Desde a fuga de Fito, líder da maior facção criminosa do país, balanços preliminares apontam dez mortos, dezenas de presos, policiais e agentes penitenciários foram sequestrados e jornalistas sofreram ataques. Para manter as rédeas e voltar à normalidade, o presidente Daniel Noboa decretou um estado de exceção, mas sem sucesso. Em menos de um dia, um novo decreto foi emitido, declarando estado de "Conflito Armado Interno" em todo o território nacional.

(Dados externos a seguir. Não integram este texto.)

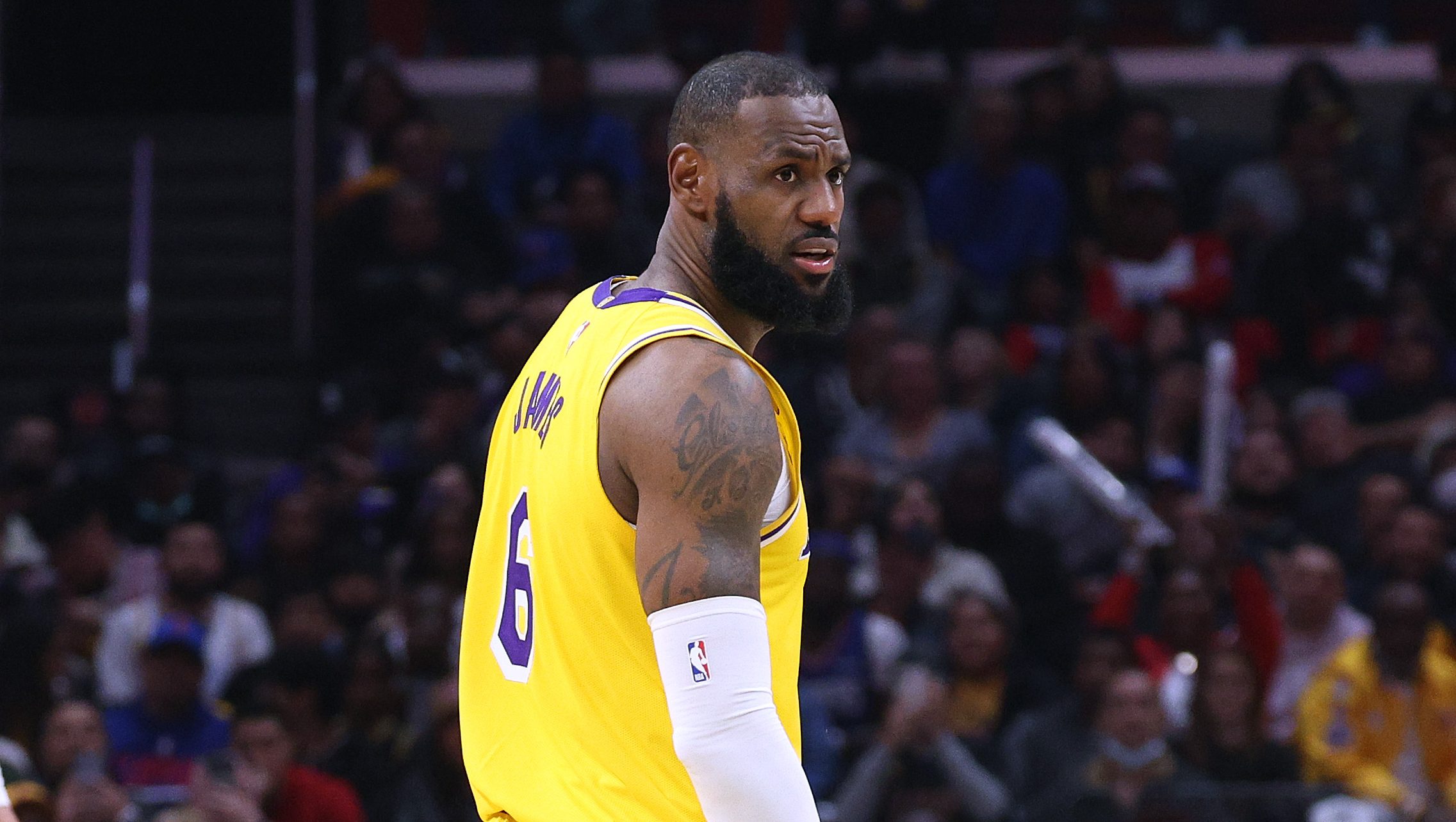 Lakers' Dennis Schroder rips referees after LeBron James' missed foul call  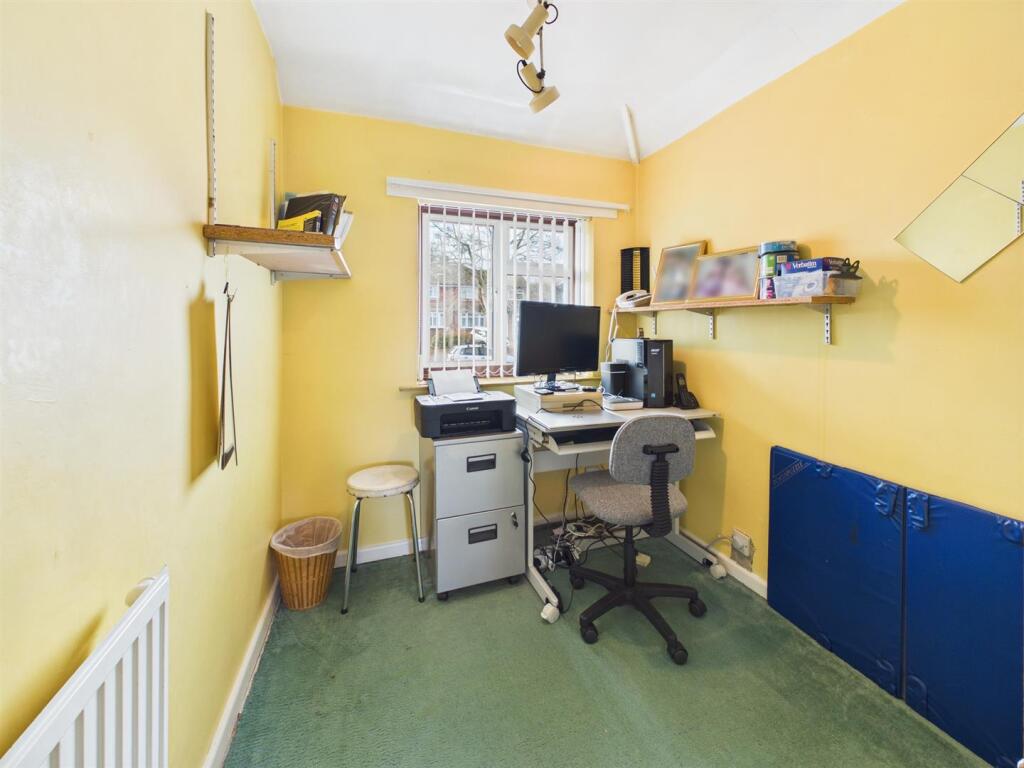 Fairford road, Tilehurst, Reading – další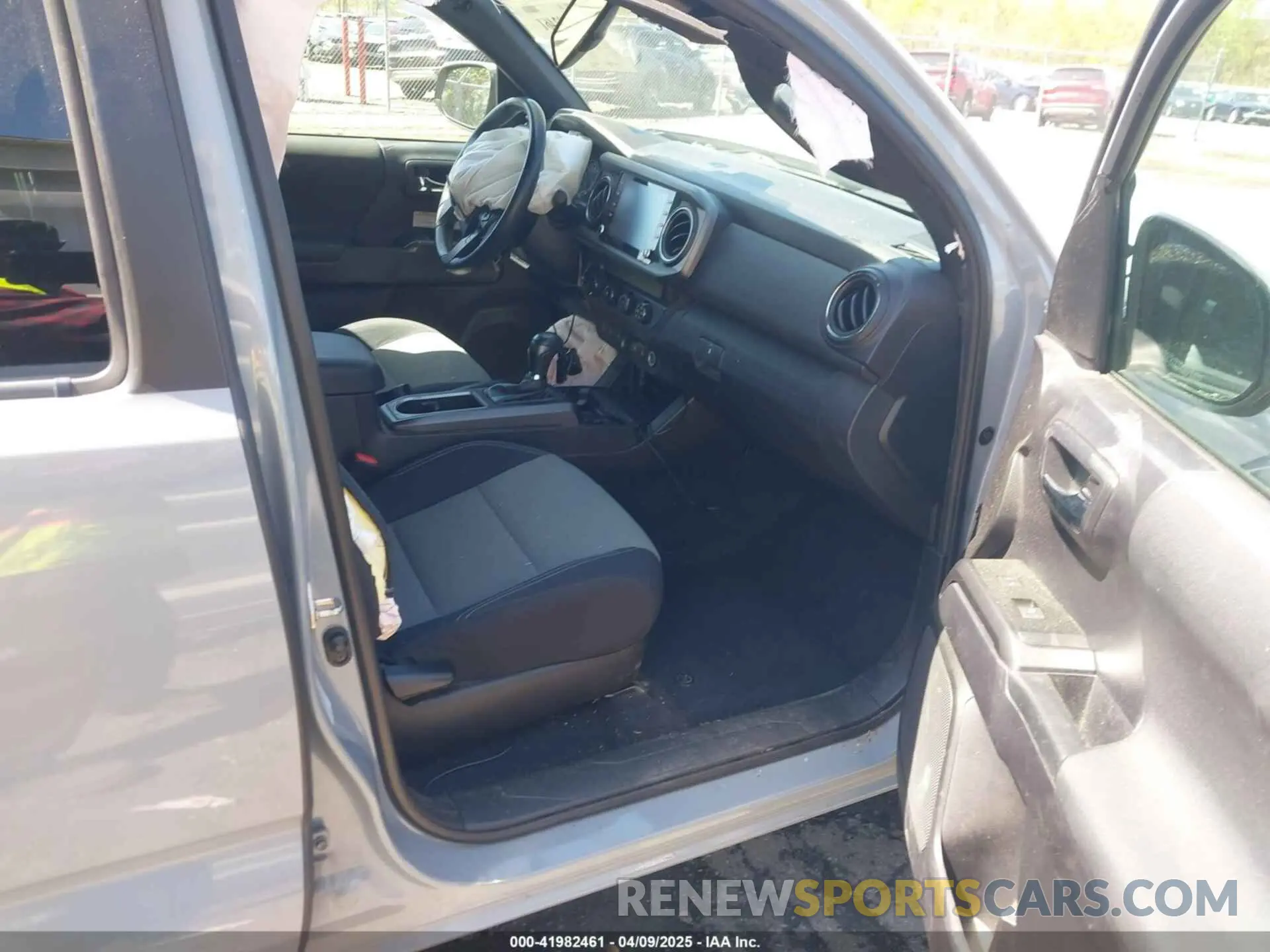 5 fotografías del automóvil dañado 3TMCZ5AN6LM330074 TOYOTA TACOMA 2020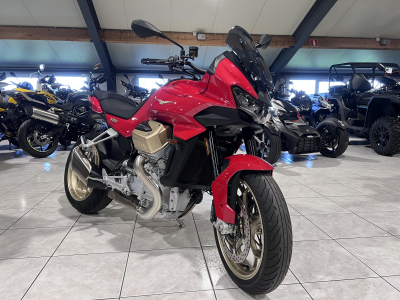 Moto Guzzi V 100 MANDELLO ROSSO MAGMA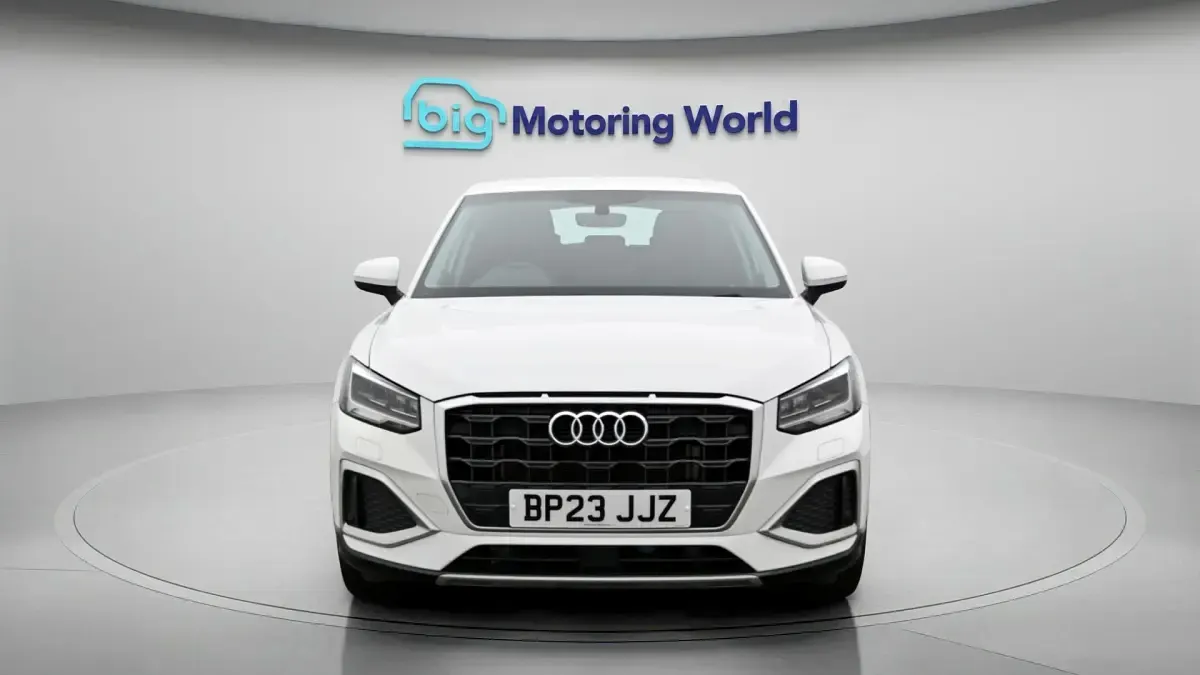 Used Audi Q2 Sport 110 HP (80 kW) 2023 White SUV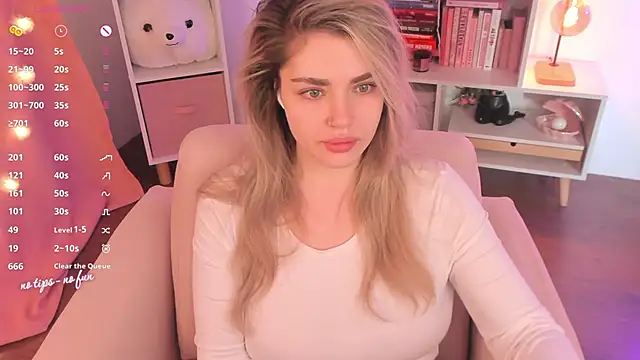 Snapshot of pussy-kattt chatting on 01-25-25, 11:13 pussy-kattt online show from 01-25-25, 11:13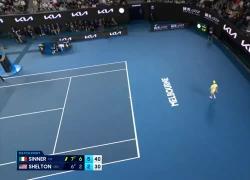 Tennis, Sinner in finale contro Zverev agli Australian Open, battuto Shelton in 3 set, il VIDEO del match point 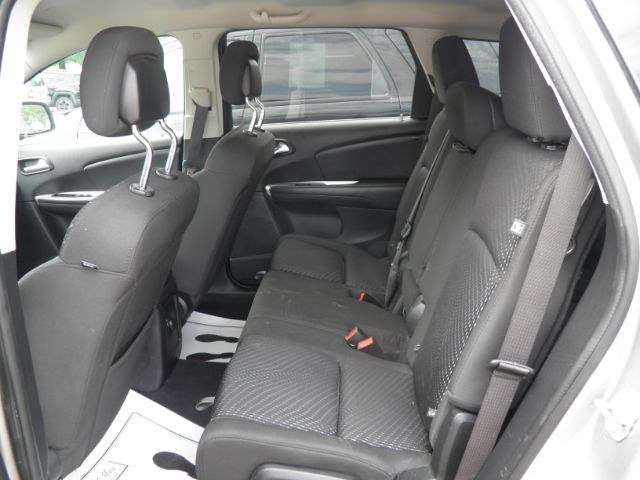 2018 SILVER Dodge Journey SE (3C4PDCAB5JT) with an 2.4L L4 engine, CVT transmission, located at 19521 New George's Creek Rd SW, Barton, MD, 21521, (301) 463-2404, 39.524323, -79.017906 - Photo#3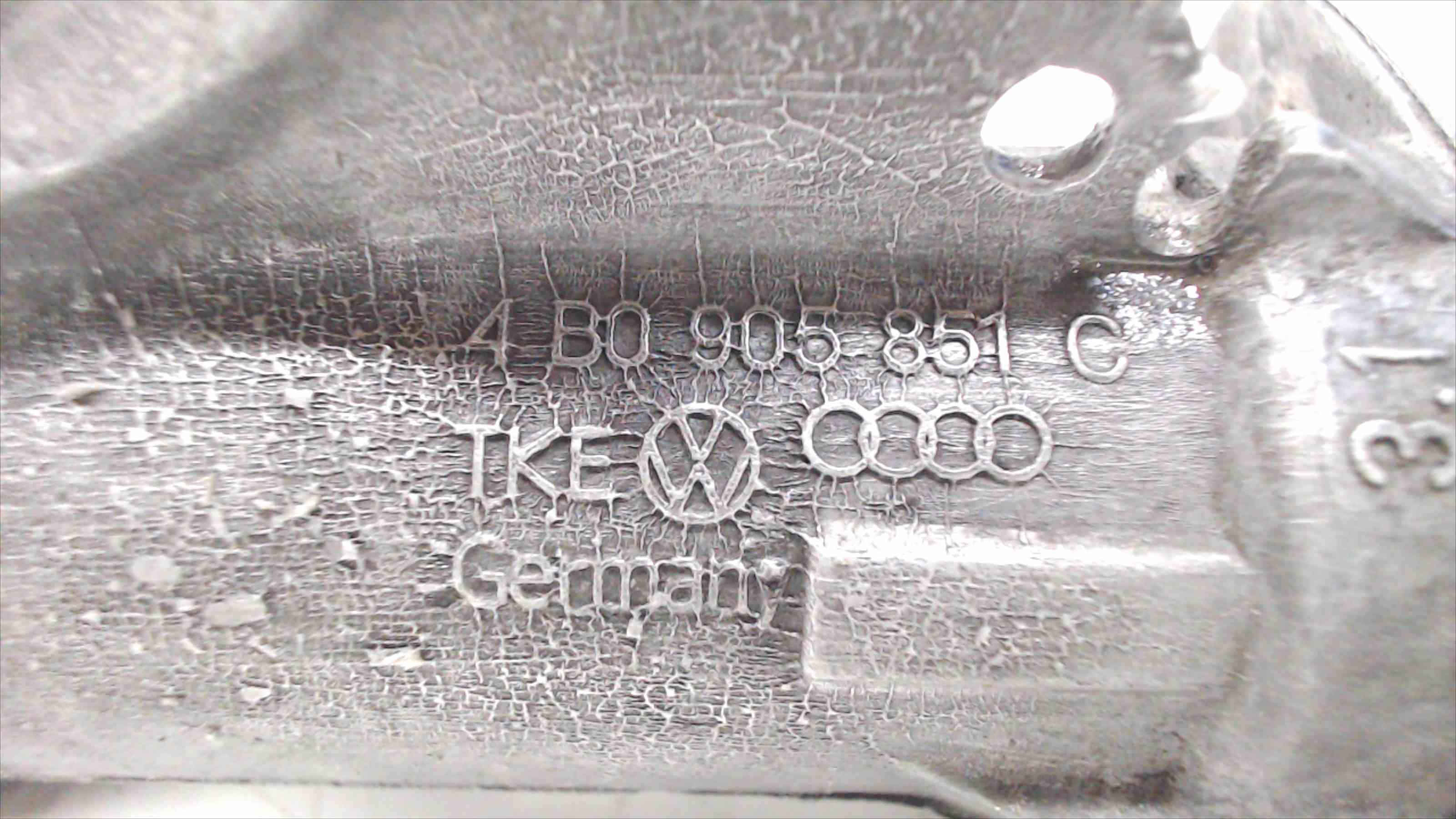 AUDI A4 B5/8D (1994-2001) Замок зажигания 4B0905851 24690048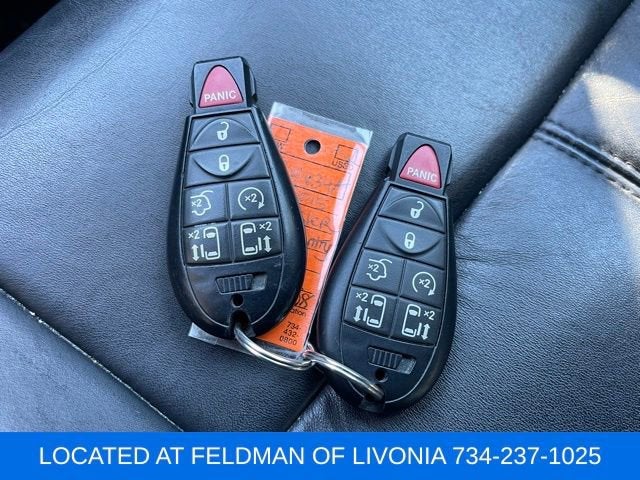 2015 Chrysler Town & Country Limited Platinum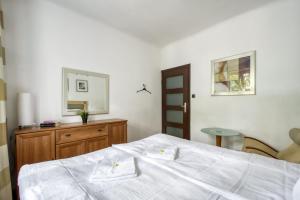 404 Rooms Obrzezna Mokotow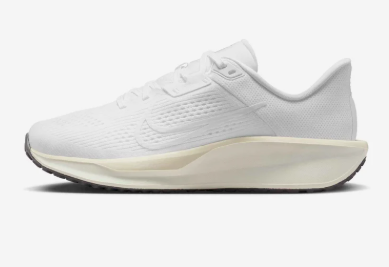 Nike Performance WMNS NIKE QUEST 6 Laufschuh in den Grössen 39–43 bei Lounge by Zalando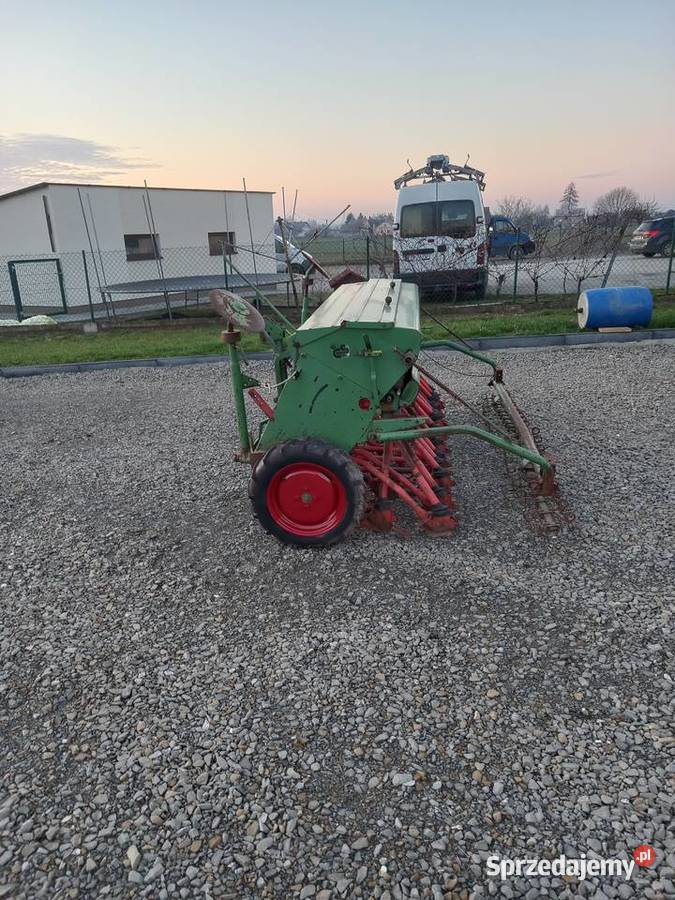 Siewnik hassia du Pilzno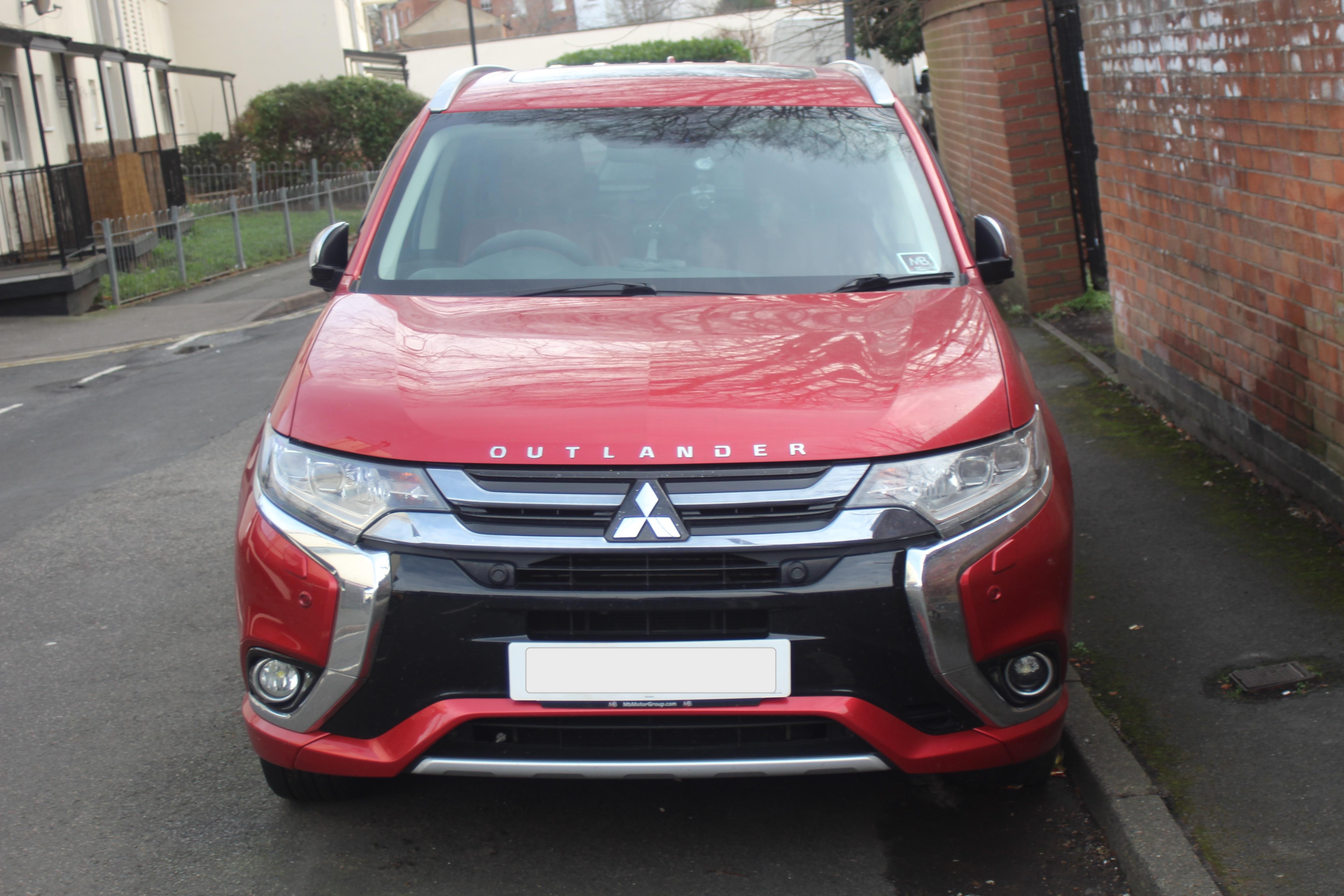Mitsubishi Outlander 2016 in London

Em diversas cidades, os comércios têm fechado cedo e as ruas são tomadas por pessoas apressadas a voltarem para casa. Em Quito, centenas de soldados guardam as ruas desertas em torno da sede presidencial, enquanto no norte o parque La Carolina, o maior da cidade de quase três milhões de habitantes, estava vazio, sem os seus habituais praticantes de esportes.

A Embaixada da China e o consulado em Guayaquil anunciaram, na terça-feira, a suspensão temporária de seu atendimento ao público, sem informar quando voltarão a funcionar.

Os ônibus, suspensos na terça-feira, voltaram a circular às 5h30 desta quarta-feira. O metrô também está operando normalmente. Ainda assim, a costumeira lotação no horário de pico deu lugar aos bancos vazios.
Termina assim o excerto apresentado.